Sunday, April 17, 2016

Kiss of Death


This dream struck me as macabre, and I hesitated to foist it upon you, dear reader. But, as so often is the case, I discovered as I worked on the dream that it had a helpful message.
The Dream: I am kissing my husband. He looks old, like an aged Clint Eastwood. As I awakened I was thinking of a cafe, with all the patrons' faces showing their mortality, like a roomful of living skulls.

Interpretation: As what Jung called my animus, my husband stands for the part of me that goes forth with energy and purpose into the world. As time goes on, this part of me diminishes; will it die? And what about my absolute mortality, the one we all share? In a sense we are all living skulls. These ideas felt very negative and off-putting, to say the least.

But as I worked on the illustration, one part of me was thinking of the idiotic things we humans waste our time on, and I began to have the realization that a sense of mortality might encourage me to look at my life's purpose and to focus on what's important. A little prayer popped into my head,
 Thank you for my time on Earth. Help me to use it wisely.
 This prayer felt like a gift.

Sunday, April 10, 2016

A Walk Through the Past


Sometimes it seems as if a dream evokes our distant past, when our potential lay buried deep within our ancestors.
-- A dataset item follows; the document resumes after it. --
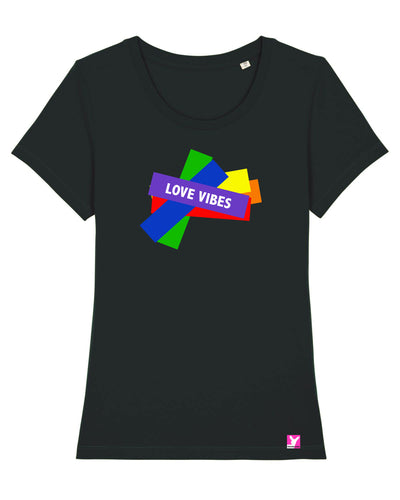 Queer-LSBTI-Pride-CSD_Gay-Bio-Damen-TShirt-Expresser_Black_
The Dream: I am walking through a European city and see sections of town that have facades from prehistoric times. I'm intrigued by this and sorry we don't have this sort of antiquity in America. Then I think, “Perhaps we do.”

Interpretation: This dream was triggered by a talk with a friend about ancient goddesses. The dream got me to thinking about our links to the past. For women, mitochondrial DNA from our mothers stretches back unchanged into distant antiquity and provides a link with our ancestors who, through us, live in modernity.

Sunday, April 3, 2016

It's All in My Head


Sometimes it seems as if the unconscious is our private cheering squad, trying to tell us the things we need to know. It helps a lot if we learn to pay attention.
The Dream: A man tells me that his shrink thinks his sexual difficulties are all psychological. He resists the idea, but I say, “Maybe they are.”

Interpretation: I thought this little dream was meaningless until I applied it to my life situation. In this case, sex (libido, the life force) stands in for life. My life at the moment feels very tense due to my anxiety over some medical tests and the 10 people that are coming to dinner later. But actually—nothing is wrong at the moment except my own anxiety. All my worries are in my head, and they are making my enjoyment of life impossible.